“Queerness is not yet here,” writes Jose Muñoz, adding, “[W]e are not yet queer.” Queerness “is that thing that lets us feel that this world is not enough, that indeed, something is missing.” If queerness is a horizon, a “not-yet-here,” how is one to approach its becoming or, to be more agential, to realize its becoming? Democracy, argues Fred Moten, is “the rupture of any exclusion, however common that exclusion might appear to be; the recalibration of the polis, of the city, by and according to the most irregular measures.” Moten helps to bridge the relationship between queerness as a horizon of possibility, a futurity that one can’t not want, and democracy as the time-space-being of queer possibility, as ongoing, endless, ever-vigilant rupture. Queerness within Moten’s democratic imaginary is always more than a claim to identity or rights, precisely because the wild, unruly imagination extends beyond these frameworks, as it must to envision beyond-killability for those deemed endlessly disposable.

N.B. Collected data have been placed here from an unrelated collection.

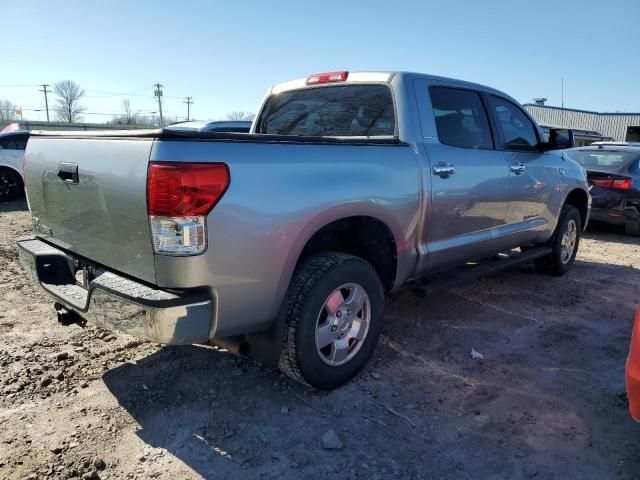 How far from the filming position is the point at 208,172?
2289mm

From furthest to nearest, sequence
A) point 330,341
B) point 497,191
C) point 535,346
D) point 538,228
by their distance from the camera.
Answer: point 538,228
point 497,191
point 535,346
point 330,341

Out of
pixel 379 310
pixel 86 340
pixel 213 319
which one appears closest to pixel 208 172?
pixel 213 319

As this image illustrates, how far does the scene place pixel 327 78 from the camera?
13.3ft

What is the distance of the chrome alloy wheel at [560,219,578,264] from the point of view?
574 cm

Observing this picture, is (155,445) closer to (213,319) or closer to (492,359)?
(213,319)

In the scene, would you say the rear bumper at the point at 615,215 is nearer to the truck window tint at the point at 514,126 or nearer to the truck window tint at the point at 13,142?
the truck window tint at the point at 514,126

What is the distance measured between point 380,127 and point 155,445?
2476mm

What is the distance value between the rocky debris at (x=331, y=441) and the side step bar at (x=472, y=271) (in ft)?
4.78

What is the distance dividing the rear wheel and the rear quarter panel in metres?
10.7

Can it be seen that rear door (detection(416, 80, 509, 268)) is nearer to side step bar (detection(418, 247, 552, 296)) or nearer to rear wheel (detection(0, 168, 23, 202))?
side step bar (detection(418, 247, 552, 296))

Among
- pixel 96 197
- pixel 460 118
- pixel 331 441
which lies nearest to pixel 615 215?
pixel 460 118

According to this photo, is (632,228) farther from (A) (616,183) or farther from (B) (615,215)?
(A) (616,183)

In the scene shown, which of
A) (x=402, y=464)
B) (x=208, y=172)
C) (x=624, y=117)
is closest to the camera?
(x=208, y=172)

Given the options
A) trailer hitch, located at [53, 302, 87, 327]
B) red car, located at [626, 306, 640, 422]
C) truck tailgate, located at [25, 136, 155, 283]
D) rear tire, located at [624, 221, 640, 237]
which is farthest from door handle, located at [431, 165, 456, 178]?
rear tire, located at [624, 221, 640, 237] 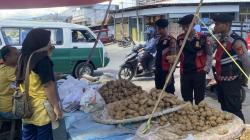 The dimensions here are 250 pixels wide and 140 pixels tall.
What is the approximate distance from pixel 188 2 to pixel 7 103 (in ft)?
80.9

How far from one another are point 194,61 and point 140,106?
4.34ft

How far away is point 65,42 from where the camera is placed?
1181 cm

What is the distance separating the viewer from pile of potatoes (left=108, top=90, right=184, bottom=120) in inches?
154

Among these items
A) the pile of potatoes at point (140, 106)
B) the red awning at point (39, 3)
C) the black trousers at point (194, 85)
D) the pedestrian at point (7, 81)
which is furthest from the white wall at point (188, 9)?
the pile of potatoes at point (140, 106)

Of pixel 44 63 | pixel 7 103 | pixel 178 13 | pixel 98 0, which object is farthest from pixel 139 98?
pixel 178 13

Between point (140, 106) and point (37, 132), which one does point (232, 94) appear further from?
point (37, 132)

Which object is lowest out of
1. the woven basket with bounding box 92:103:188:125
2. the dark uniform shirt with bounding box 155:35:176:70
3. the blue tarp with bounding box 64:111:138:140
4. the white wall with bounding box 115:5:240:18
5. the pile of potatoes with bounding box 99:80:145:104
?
the blue tarp with bounding box 64:111:138:140

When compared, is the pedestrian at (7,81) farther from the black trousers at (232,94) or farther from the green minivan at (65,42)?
the green minivan at (65,42)

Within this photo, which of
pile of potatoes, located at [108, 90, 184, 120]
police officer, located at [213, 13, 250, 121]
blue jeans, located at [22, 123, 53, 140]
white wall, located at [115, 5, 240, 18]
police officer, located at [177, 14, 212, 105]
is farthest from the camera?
white wall, located at [115, 5, 240, 18]

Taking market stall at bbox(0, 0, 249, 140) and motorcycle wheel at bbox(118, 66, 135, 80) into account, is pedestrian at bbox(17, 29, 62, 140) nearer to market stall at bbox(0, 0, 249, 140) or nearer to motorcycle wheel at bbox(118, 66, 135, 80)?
market stall at bbox(0, 0, 249, 140)

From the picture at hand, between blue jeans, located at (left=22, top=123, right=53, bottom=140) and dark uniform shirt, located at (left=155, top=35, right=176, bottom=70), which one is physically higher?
dark uniform shirt, located at (left=155, top=35, right=176, bottom=70)

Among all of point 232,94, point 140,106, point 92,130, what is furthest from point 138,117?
point 232,94

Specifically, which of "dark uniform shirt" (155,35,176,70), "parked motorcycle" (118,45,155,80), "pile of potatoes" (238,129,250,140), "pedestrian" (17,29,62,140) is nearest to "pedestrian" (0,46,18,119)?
"pedestrian" (17,29,62,140)

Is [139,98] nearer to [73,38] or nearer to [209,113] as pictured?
[209,113] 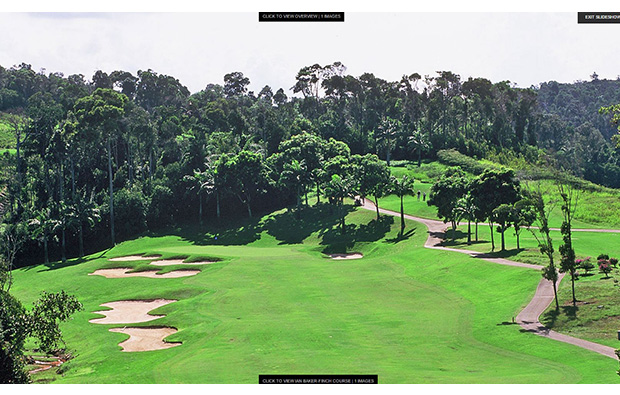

To write of the imagination in a report era seems more than silly, beyond frivolous, and, above all, suspect. Indeed, the cultural producer is besieged by a report imaginary that frames the world as problems to be solved, solutions to be implemented, rights to be accumulated.
The dailyness of being disposable in our precarious now conflates survival with thriving, success with management, staying uninjured with possibility. The good life is the endlessly administered, accounted-for life. In our neoliberal report era, the imagination—as play, as daring, as not-this and beyond-now—becomes increasingly truncated as the desire to be not-here:not-now takes precedence over any other forms of imagining.
One turtles into available shells.
The imagination, the peculiarly and particularly queer imagination, feels threatened, minor, unimportant.
I discovered Essex Hemphill at 20. The first passage underlined in my much-loved, much-traveled copy of Ceremonies:
I allow myself to dream of roses
though I know
the bloody war continues
No date is attached to this, and the generic black pen does not let me know when I might have underlined this. Perhaps in 1997? Perhaps in 2000? Anytime since then when I needed his voice, though I didn’t know how much I needed it.
Marked variously in pink marker (a bad phase), pencil jottings that range from the analytic to wild enthusiasm, what appears to be a purple gel pen (what was I thinking?), and green felt, Ceremonies has been a life line, compelling me to extend my imagination and possibilities.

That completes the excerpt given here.